Intravenous administration – initial dose in adults: 2 mg to 10 mg per 70 kg body weight.
Epidural administration – initial dose in adults: 5 mg administered by lumbar injection may provide analgesia for up to 24 hours. If analgesia is not achieved within 1 hour, a supplemental dose of 1 mg to 2 mg may be cautiously administered. Doses exceeding 10 mg per day must not be used.
For continuous infusion, the initial dose is 2 mg to 4 mg per day. If the initial dose is insufficient, a supplemental dose of 1 mg to 2 mg may be administered.
Intrathecal administration – single dose in adults: 0.2 mg to 1 mg administered by injection may provide analgesia for up to 24 hours. No more than 1 ml of solution should be administered intrathecally. Repeated intrathecal injections are not recommended.

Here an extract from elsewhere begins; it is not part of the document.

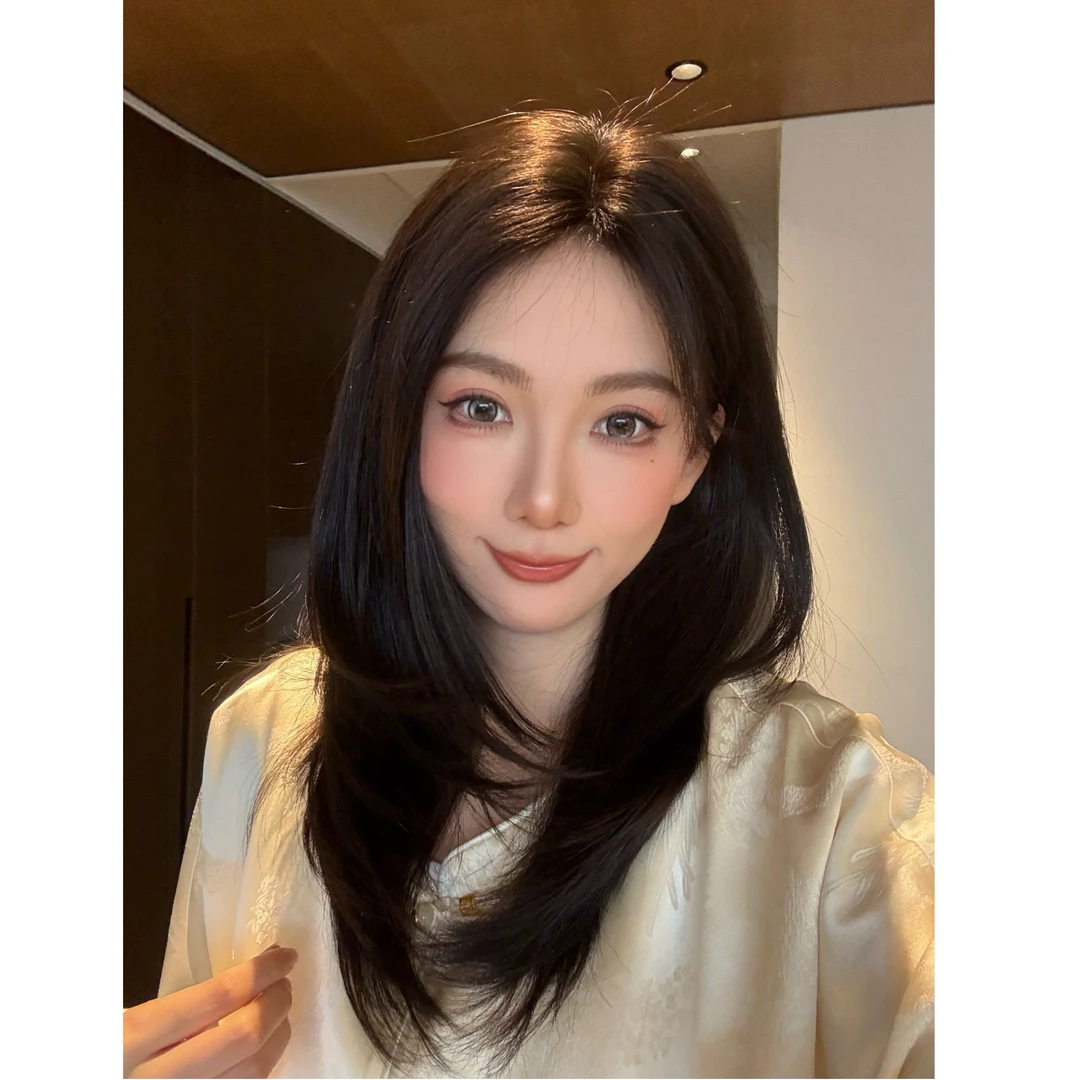 【贵妇的天灵盖】志玲专属·假发片女真发头顶蓬松隐形增量透气无痕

Continuous intravenous infusion of naloxone hydrochloride at a dose of 0.6 mg/h for 24 hours following intrathecal administration reduces the likelihood of adverse effects.

Elderly patients
In elderly and debilitated patients, the drug should be used with particular caution. A reduced dose is usually sufficient.

Children and adolescents
There are no data on the use of this medicinal product in patients under 18 years of age.
The safety of epidural and intrathecal administration of morphine in children has not been established.